As democracy spread to the rest of the region, 2011 raised questions about the future consolidation of democracy in Iraq and the role of the EU in it.
Europe wants to support Iraq’s stabilisation and development and its regional integration. Over the last few years, member states have reconciled their differences and the EU is now structuring its involvement in the country around a Partnership and Co-operation Agreement (PCA) and a multiannual strategy. But broader co-operation has been delayed by Iraq’s fractious politics, preventing the full entry into force of the EU–Iraq PCA planned in 2011. Relations with Prime Minister Nouri al-Maliki’s new government have been relatively difficult. The EU was unable either to influence a resolution of the contentious problem of relocating Iranian dissidents located in Camp Ashraf in Diyala province or to agree on taking charge of the resettlement of Iranian refugees. It also failed to get a stronger commitment by Iraq to a solution to the Syrian crisis as Baghdad continued to offer Damascus support.

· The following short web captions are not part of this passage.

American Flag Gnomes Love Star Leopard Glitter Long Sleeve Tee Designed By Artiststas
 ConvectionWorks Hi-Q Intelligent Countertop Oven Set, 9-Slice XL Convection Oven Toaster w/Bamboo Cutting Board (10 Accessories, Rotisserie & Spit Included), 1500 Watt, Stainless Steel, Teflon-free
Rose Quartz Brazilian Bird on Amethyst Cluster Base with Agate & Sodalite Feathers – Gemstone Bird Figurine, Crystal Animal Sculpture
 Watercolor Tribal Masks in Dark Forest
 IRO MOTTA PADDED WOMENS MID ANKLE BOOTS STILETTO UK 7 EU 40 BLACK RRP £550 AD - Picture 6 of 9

On the positive side, the EU prolonged until mid-2012 its rule of law training mission (EULEX) and has increased activities in the field and co-operation with the UN. European companies have further articulated their presence in the oil sector under the 2010 Memorandum of Understanding on Energy in view of increasing production capacities. Increasing oil revenues led to a cut in financial co-operation funding for the 2011–2013 period. The EU signed a €24 million capacity-building programme, which will partly use Iraqi resources, and it has committed a further €15.7 million on water management. Unfortunately, the EU’s development operations towards Iraq will be administered separately from those towards the Southern Neighbourhood, particularly from 2011, which risks increasing inconsistency and fragmentation. Overall, Europe is struggling to build up influence in Iraq as the US withdraws its troops and Iran consolidates its dominance in the country’s internal politics. Europe is paying the price for its loss of leverage towards Turkey. A comprehensive strategy towards the wider Middle East and the Gulf could link Iraq and the sub-region to the more structured policies in place around the Mediterranean.